● **PROBLEM STATEMENT**
Only the text carries over: repeat the records exactly and drop the images.

● **ENTRIES SHOWN**
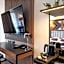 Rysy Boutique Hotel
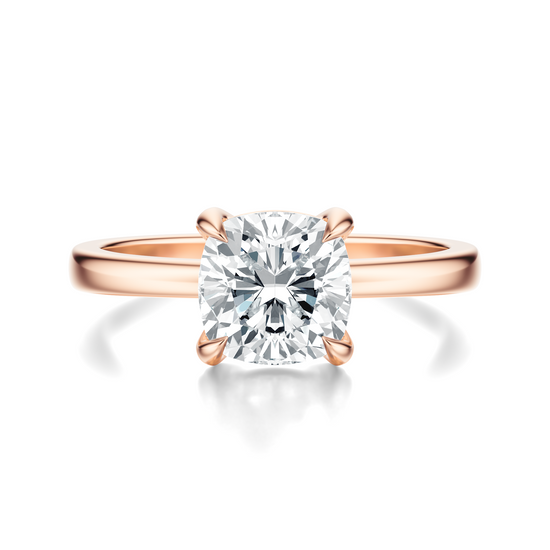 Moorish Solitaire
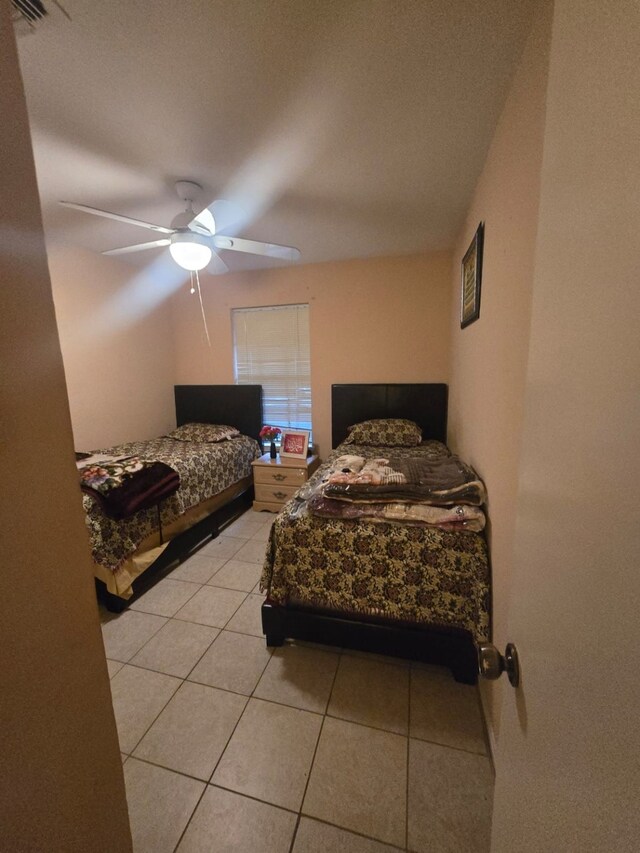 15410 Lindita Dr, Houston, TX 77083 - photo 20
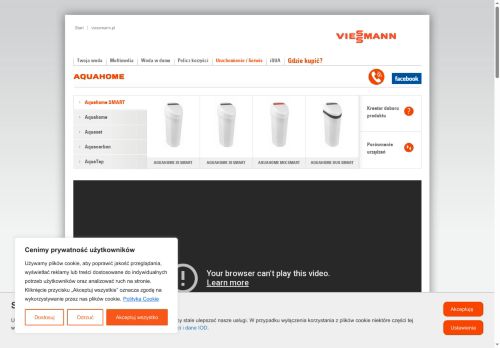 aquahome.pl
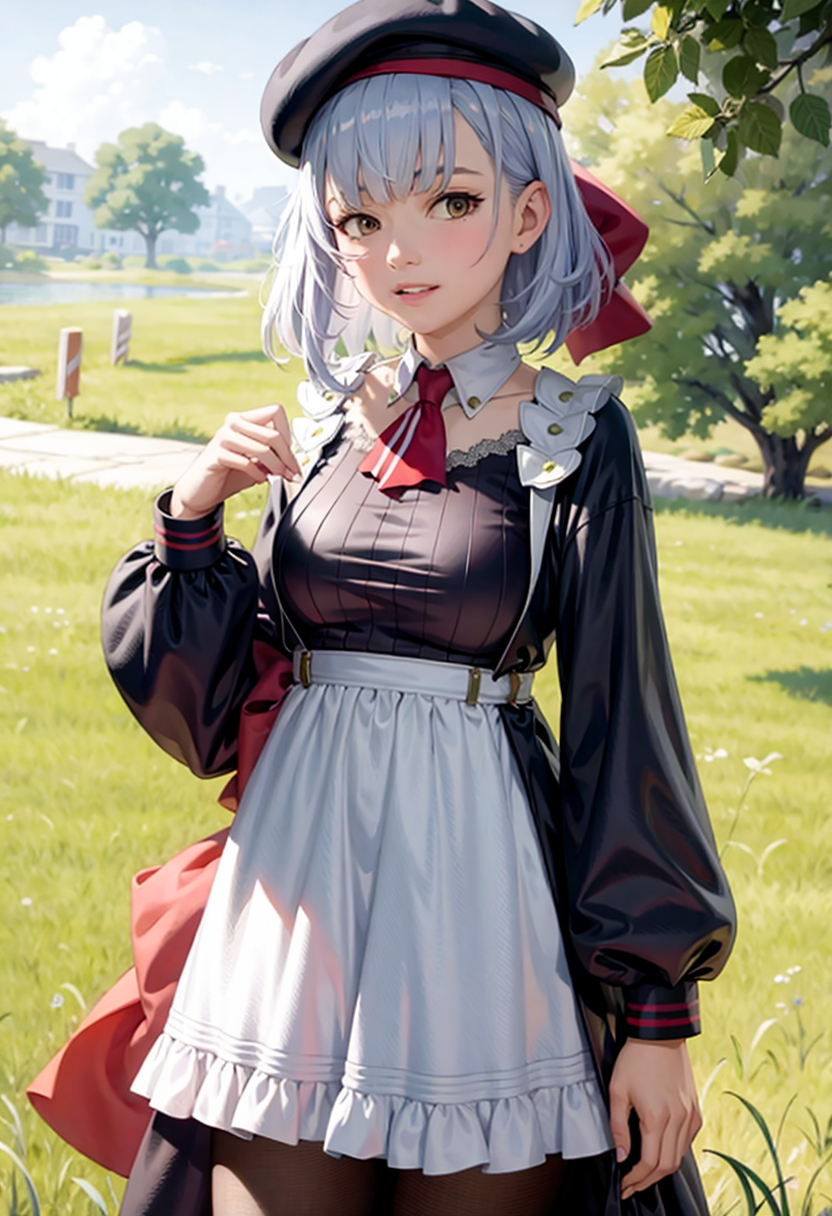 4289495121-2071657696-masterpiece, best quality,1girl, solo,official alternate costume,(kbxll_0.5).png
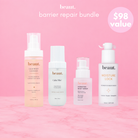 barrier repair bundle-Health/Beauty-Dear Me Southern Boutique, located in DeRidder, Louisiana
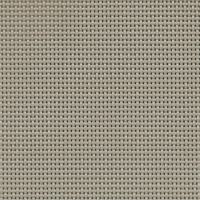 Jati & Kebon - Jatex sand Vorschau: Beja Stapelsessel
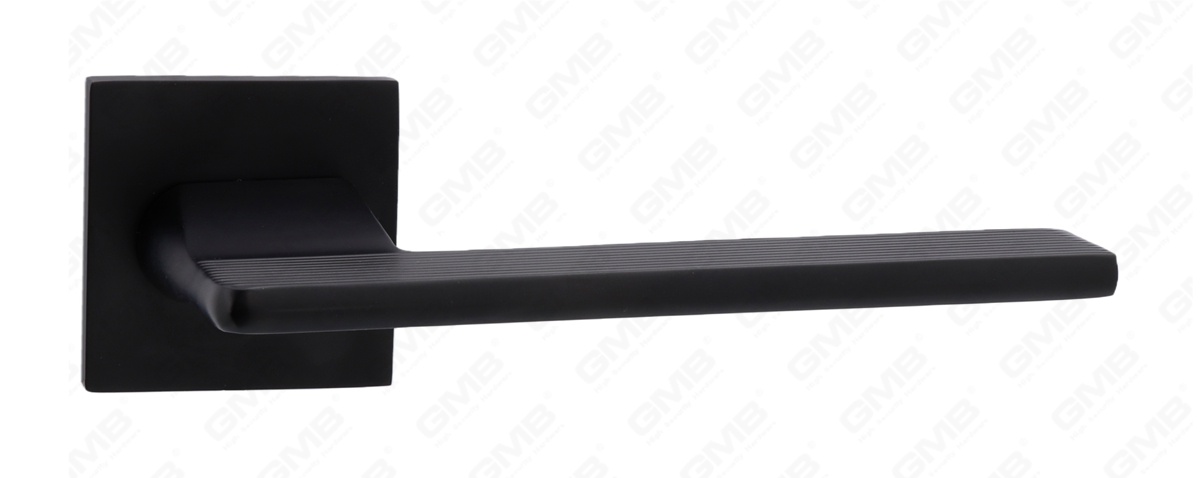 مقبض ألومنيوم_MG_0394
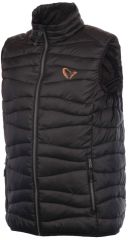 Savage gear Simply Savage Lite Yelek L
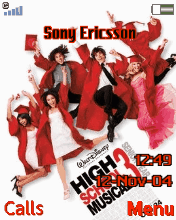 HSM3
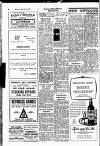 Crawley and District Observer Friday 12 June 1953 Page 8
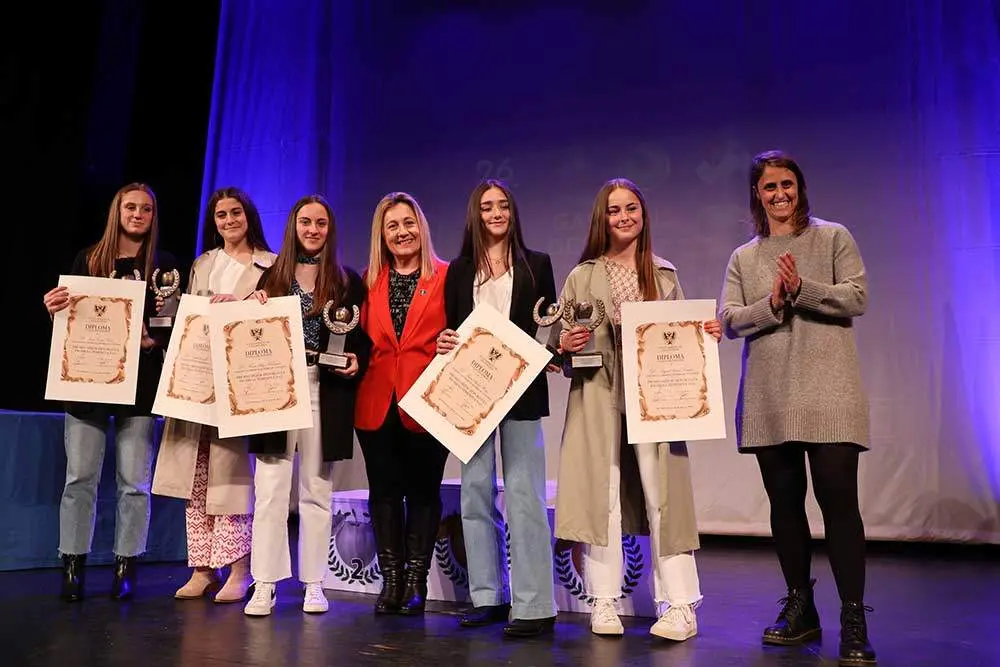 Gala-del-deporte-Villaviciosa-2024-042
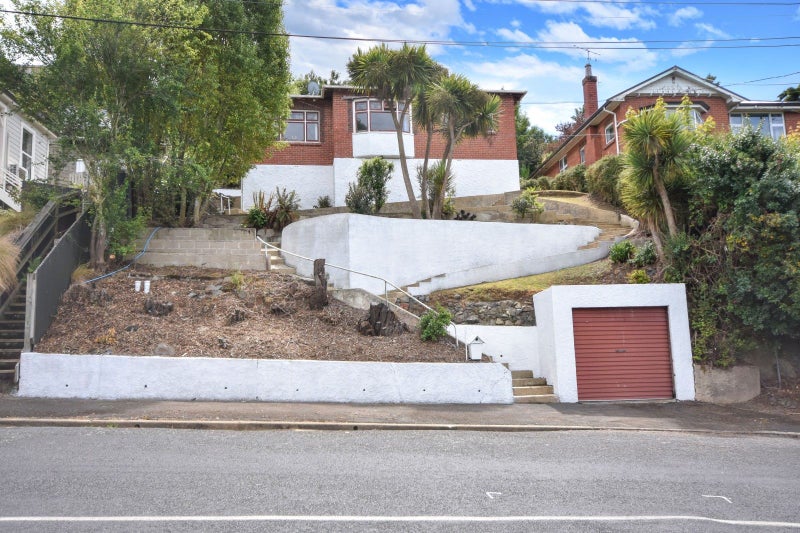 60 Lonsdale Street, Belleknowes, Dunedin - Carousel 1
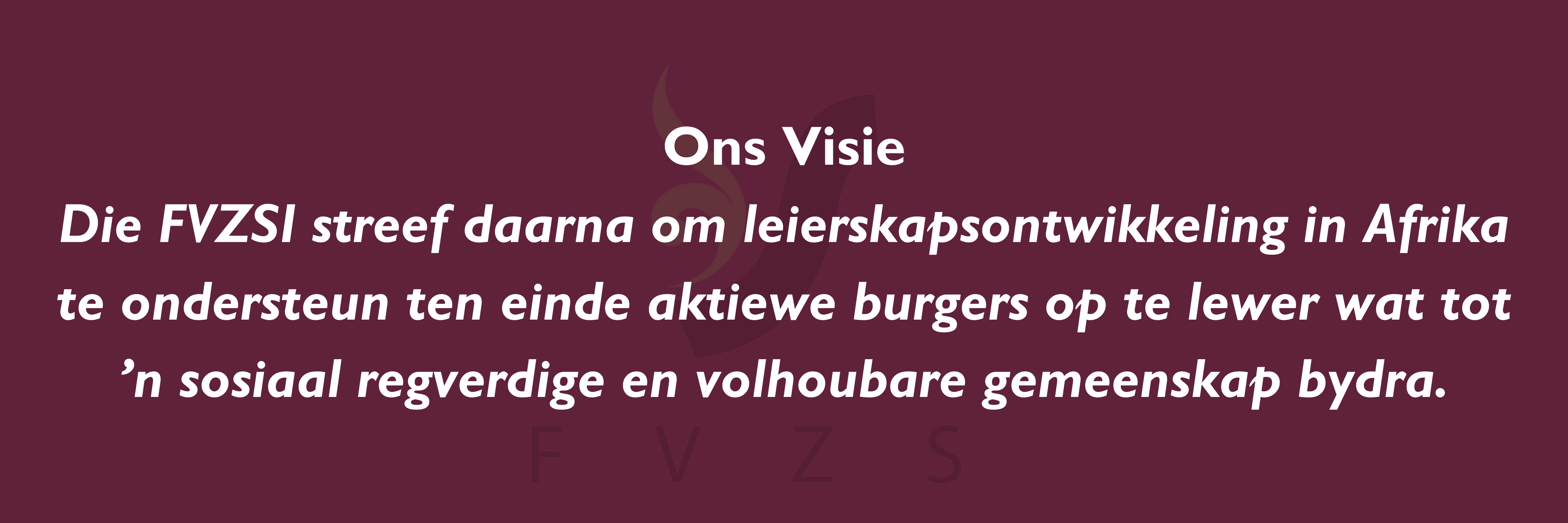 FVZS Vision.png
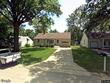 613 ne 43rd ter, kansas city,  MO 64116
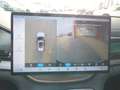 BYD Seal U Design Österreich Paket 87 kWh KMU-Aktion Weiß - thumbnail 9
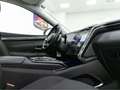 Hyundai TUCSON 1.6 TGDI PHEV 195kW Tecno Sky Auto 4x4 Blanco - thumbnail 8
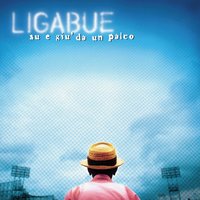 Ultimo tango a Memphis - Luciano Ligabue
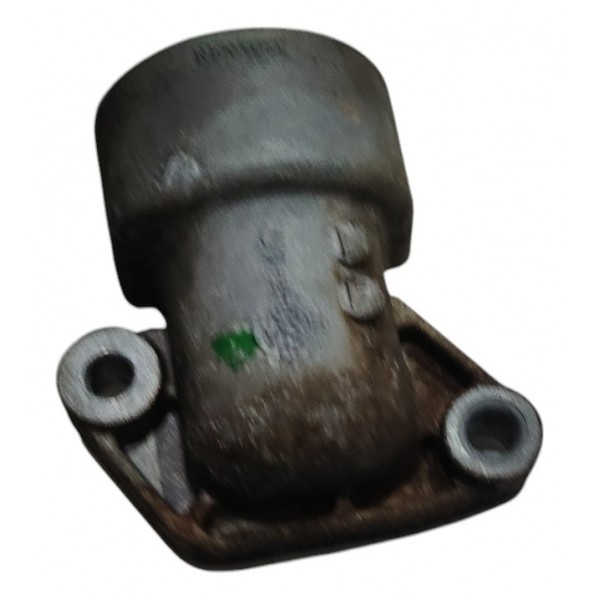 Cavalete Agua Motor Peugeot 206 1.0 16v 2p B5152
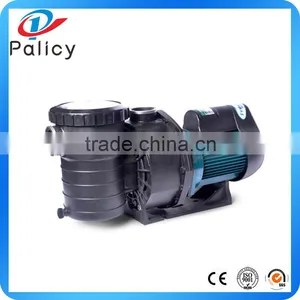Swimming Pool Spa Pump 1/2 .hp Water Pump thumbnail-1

● **TASK ANSWER**
 Rysy Boutique Hotel
 Moorish Solitaire
 15410 Lindita Dr, Houston, TX 77083 - photo 20
 aquahome.pl
 4289495121-2071657696-masterpiece, best quality,1girl, solo,official alternate costume,(kbxll_0.5).png
 barrier repair bundle-Health/Beauty-Dear Me Southern Boutique, located in DeRidder, Louisiana
 Jati & Kebon - Jatex sand Vorschau: Beja Stapelsessel
 مقبض ألومنيوم_MG_0394
 Savage gear Simply Savage Lite Yelek L
 HSM3
 Crawley and District Observer Friday 12 June 1953 Page 8
 Gala-del-deporte-Villaviciosa-2024-042
 60 Lonsdale Street, Belleknowes, Dunedin - Carousel 1
 FVZS Vision.png
 613 ne 43rd ter, kansas city,  MO 64116
 BYD Seal U Design Österreich Paket 87 kWh KMU-Aktion Weiß - thumbnail 9
 Hyundai TUCSON 1.6 TGDI PHEV 195kW Tecno Sky Auto 4x4 Blanco - thumbnail 8
 Ultimo tango a Memphis - Luciano Ligabue
 Cavalete Agua Motor Peugeot 206 1.0 16v 2p B5152
Swimming Pool Spa Pump 1/2 .hp Water Pump thumbnail-1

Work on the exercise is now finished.